### EXTRACTED MATERIAL

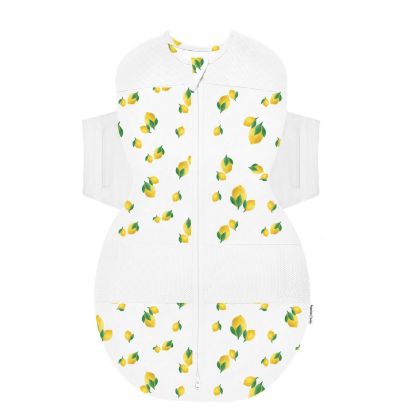 Picture of Happiest Baby SNOO Sleep Sack - 100% Organic Cotton Baby Swaddle Blanket - Doctor Designed Promotes Healthy Hip Development (Ivory Lemons, Large)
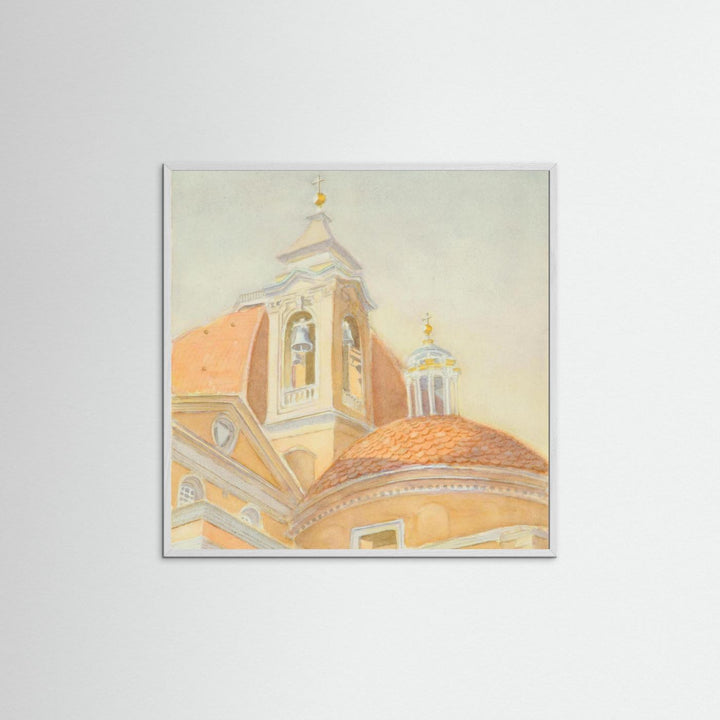 "Bell Tower of San Lorenzo" Majestic Tuscan Watercolor - Art Print Custom Framed Options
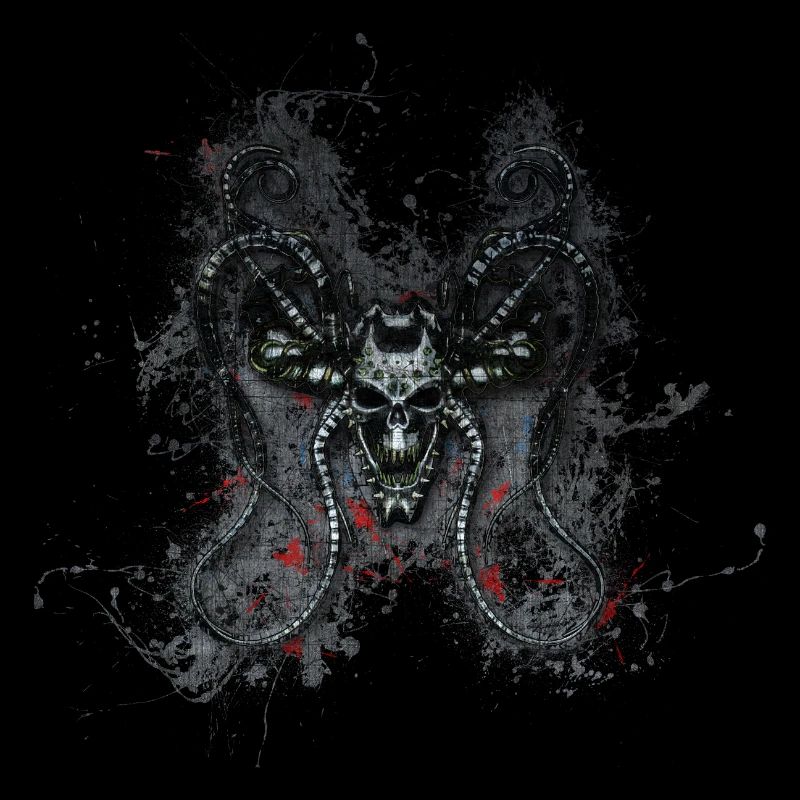 Gothique Monster Skull Paint Splatter Art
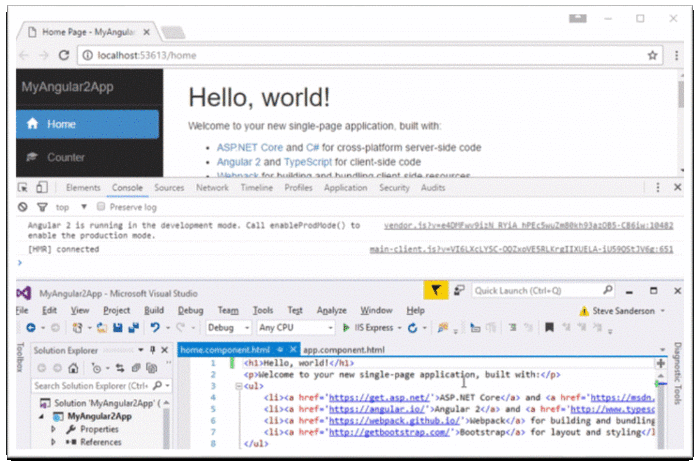 NET Core + Angular 2
    

ASP.NET Core + Angular 2 Template for Visual Studio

### ASSIGNMENT
The copy should match each line above exactly and contain no images.

### FINISHED EXERCISE
 Picture of Happiest Baby SNOO Sleep Sack - 100% Organic Cotton Baby Swaddle Blanket - Doctor Designed Promotes Healthy Hip Development (Ivory Lemons, Large)
 "Bell Tower of San Lorenzo" Majestic Tuscan Watercolor - Art Print Custom Framed Options
 Gothique Monster Skull Paint Splatter Art
 NET Core + Angular 2
    

ASP.NET Core + Angular 2 Template for Visual Studio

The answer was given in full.